07:36 AM CDT on Wednesday, October 3, 2007

Associated Press

WASHINGTON -- A multibillion-dollar fight between Enron Corp. and the Wall Street banks that financed the energy company before it collapsed in 2001 has flared up over accusations that Citigroup Inc. is preventing its former employees from testifying about what they know.

In papers filed with the U.S. Bankruptcy Court in Manhattan, an Enron lawyer said Citigroup is using severance agreements to “intimidate former employees into silence, thereby impairing Enron’s ability to obtain information for use at trial.”

The lawyer, William J. McSherry Jr., asked U.S. Bankruptcy Judge Arthur Gonzalez to prohibit Citigroup from using its severance agreements to prevent their testimony.

“Citi includes a clause in some severance agreements that purports to bar former employees from ‘disparaging’ Citi,” McSherry said in a letter to Gonzalez Monday. “As a result, former Citi employees with information relevant to the case are unwilling to talk because they are concerned that if they give testimony unfavorable to Citi, Citi will assert that they have breached this clause.”

A Citigroup spokesman wasn’t available for comment Tuesday.  Douglas R. Davis, an attorney representing Citigroup in the lawsuit, also wasn’t available for comment.
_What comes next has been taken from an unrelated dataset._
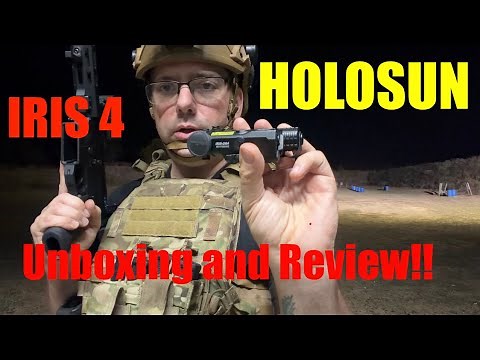 Holosun IRIS 4 Unboxing and Review!!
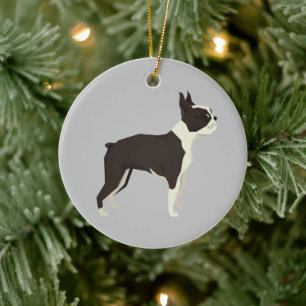 Boston Terrier Weihnachtsschmuck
The accusations mark the resumption of a long-stalled lawsuit over whether Citigroup and several other big Wall Street banks “participated with a small group of senior officers and managers of Enron in a multiyear scheme to manipulate and misstate Enron’s financial condition.” The lawsuit is among the largest assets available to repay Enron’s creditors.

Enron, which is now known as Enron Creditors Recovery Corp., so far has returned nearly $14 billion to the company’s creditors. If the company prevails in its court fight with Citigroup, it stands to collect billions that would be used to pay creditors, John Ray, the company’s chief executive, said in a recent interview.

In his letter to Gonzalez, McSherry said Enron sought only “non-confidential, non-privileged information pertinent to the litigation” from former Citigroup employees. He said the company asked Citigroup to provide assurance that it would not enforce its severance agreements to prevent testimony. Citigroup declined, “suggesting that Enron and the former employees should proceed at their own risk,” he said.

The letter didn’t identify the former employees whose testimony is being sought.